For a time, my solution was that once a company reached a certain size, I was done. I’d move on. I was (and am) very very good at startups, at creating corporate cultures that win. Every company that took me in, in a leadership position has grown, dramatically. But when we got to X size, the closeness eroded in favor of the things you have to do to manage scale. It doesn’t have to be that way. You can keep culture and size, but it takes an effort that most companies, as they grow, are not willing to put in.

The past few years, I’ve taken a different approach. I am still learning, but it seems to prove something I thought for a long time. There are a few people and companies that want to matter. And they will pay a little extra to matter – to be a priority, to have me learn more than the task at hand, but the key people and issues and culture and…. the things that make them who they are. I learned that making people matter can pay. And that making people matter makes me feel better.

I have a friend who was a counselor for many years. She once told me that most of her clients actually had very little wrong with them. “They just need someone to talk to.”, she says. “They need to matter.”

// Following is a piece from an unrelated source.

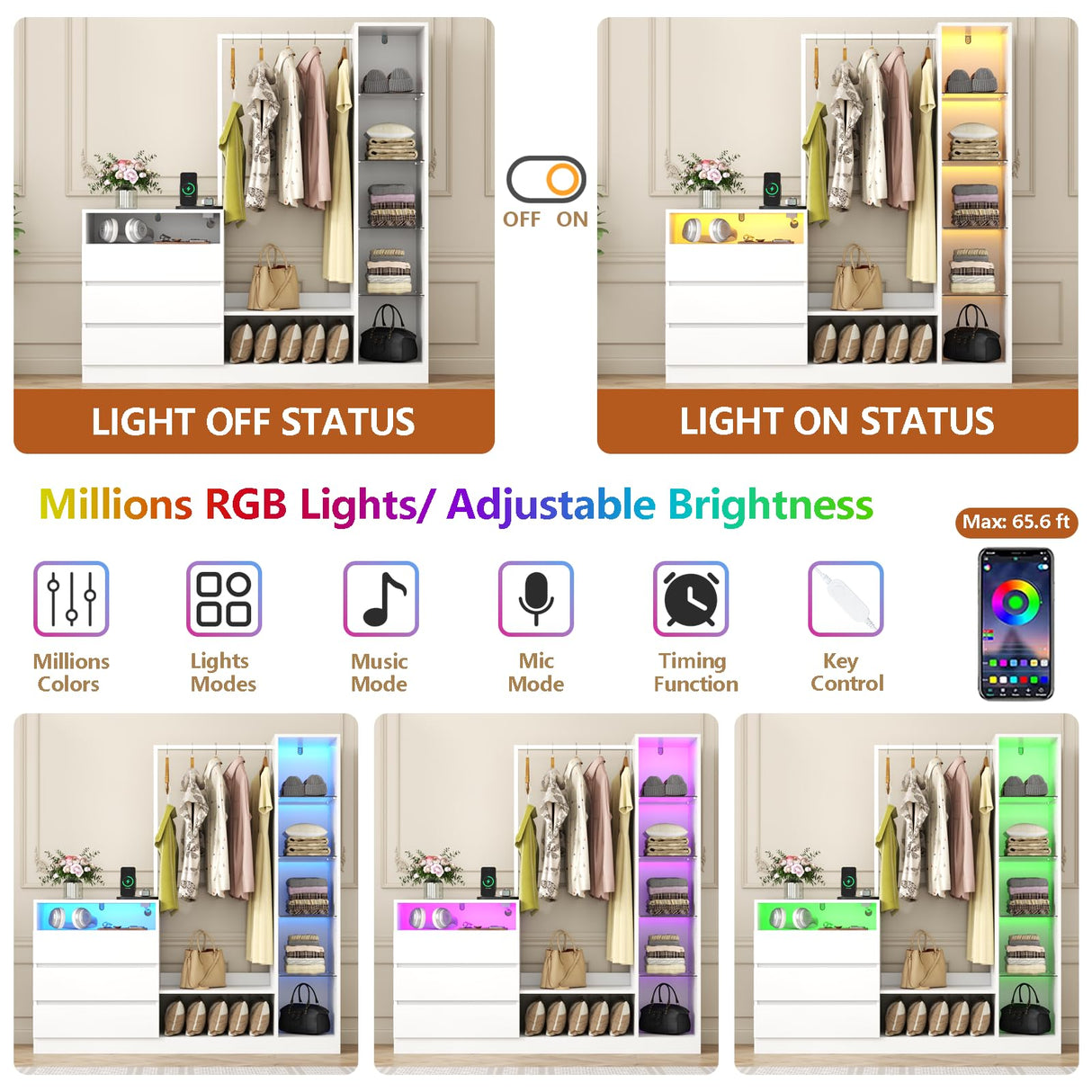 Dresser with Hanging Rack, 3 Drawers Dresser with Charging Station & LED Lights, 55" Chest of Drawers with Open Storage & Adjustable Shelves for Clothes, White Modern Dresser for Bedroom, Closet Gyfimoie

One of the things about coaching that most people don’t think about is that for the time the coach and the coached are working together, the coach is 100% focused on the person being coached. It’s an intense focus. Most clients very quickly talk to about how good it feels, even beyond the results, to have someone so focused on them, just them, for that period of time. We don’t get that in life. We don’t get that at work. A lot of times, we don’t even get that at home.

Want to know what sets me and Quarry House apart?

I want to matter. That’s why I love my little coffee shops, my local food markets, small churches. And I want my clients to know THEY matter. I could grow my business to something way bigger. I know how to do it. I’ve done it. Multiple times. But I’ve chosen to go counter to the culture. I will reach less people perhaps, than building a large consulting firm. But the people I do reach, I will help. And more that that, they will matter and they will FEEL like they matter. It’s more than a business. It’s relationships. Real ones.

Like me and the cook here at the Relentlessly Cheerful Diner.